Bitcoin madencileri ile yapılan görüşmelerde yüksek gelir beklentilerinin her zaman ön plana çıktığı gözlemlenmiştir. Bunu kısa vadeli kazançlar olarak yorulamamak gerekiyor. Bitcoin mining cihazlarının 12-18 ayda kendini amorti ettiğini düşünürsek bugünlerde para kazanmamasına rağmen (eskiye nazaran kayda değer kazançlar yok çünkü BTC fiyatı çok düşük) uzun vadede Bitcoin’in değerleneceğini düşünen yatırımcılar daha fazla hash gücü üretiyor.
Bitcoin Madencilerinin Görüşleri
Çalışmaya biri kadın olmak üzere toplam 13 Bitcoin madencisi katıldı. Bunlardan 2 tanesi doktora derecesine sahipti. 12 katılımcı araştırma yapıldığı sırada tam zamanlı bir işte çalışırken, katılımcılardan biri iş arıyordu.
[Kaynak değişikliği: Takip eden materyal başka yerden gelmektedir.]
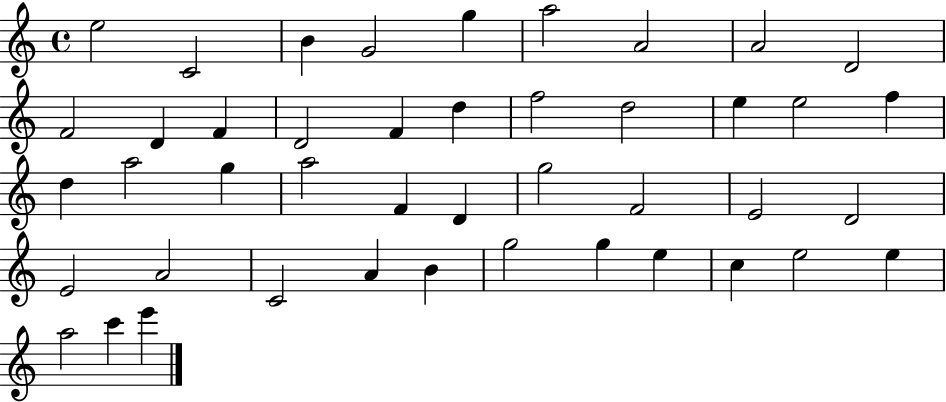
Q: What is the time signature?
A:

Tüm Bitcoin madencilerinin yatırım sermayesinin tamamını tasarruflarından karşılamıştır.
Peki meşhur Bitcoin manifestosunu kaçı okumuştu? Bitcoin manifestosunu okuyan 11 madenci vardı ve 9 tanesi bunun Bitcoin madenciliğine yatırım yapmasında etkili olduğunu söyledi.
6 Numaralı madenci şunları söyledi;
“Mevcut sistemin araçları ve kurumları özellikle ekonomik ve mali krizler ve değişim karşısında yetersiz kalmaktadır. Bazı insanlar büyük miktarlarda para transfer etmek ve esnek hareket etmek ister. Bazılarının manipülasyonu bu tür araçların güçlenmesine neden oluyor, karanlık bir ağ değil ama canlı, görünür bir oluşum. Küresel finansal krizler yaşandığı sürece, servetini korumak isteyen insanları Bitcoin’e ilgisi artmaya devam edecek.”
7 numaralı madenci madencilik sektöründe boşluklar olduğunun da farkındaydı.
“Bitcoin tüm basılı paralara bir alternatif. Yüksek faiz ve talep patlaması, küresel krizin bir göstergesidir. Mevcut para sisteminin ötesinde yeni bir sisteme ihtiyaç var”.
12 numaralı madencinin söyledikleri Bitcoin madencilerinin yüksek farkındalığına işaret ediyor. Şunları söyledi;
“Ekonomik krizlerde finansal özgürlük ve likidite paranın değerini korur. Geleneksel finans sistemi devletler ve bankalar tarafından yönetilir. Onlar mutlak güce sahiptir. Bu, hiçbir otoritenin engelleyemeyeceği yeni bir sistemdir ve güç herkese eşit olarak dağıtılmaktadır. Popülerliğinin temelinde özellikle mal varlığının korunması ve hızlı bir şekilde devredilebilmesi özelliği yatıyor”.
Fakat 2022 yılının Kasım ayına geldiğimizde Fed ve diğer merkez bankalarının yaptığı açıklamalarla değer kaybeden bir Bitcoin’imiz var. Üstelik 2008 krizinden daha büyük bir krize hazırlanırken Bitcoin düşünüldüğü gibi bir ilgi patlaması da yaşamıyor. Belki de 2023 yılı daha farklı olur ve resesyon sayesinde insanlar Bitcoin’in “mutlak güçten” kurtulma felsefesini anlar.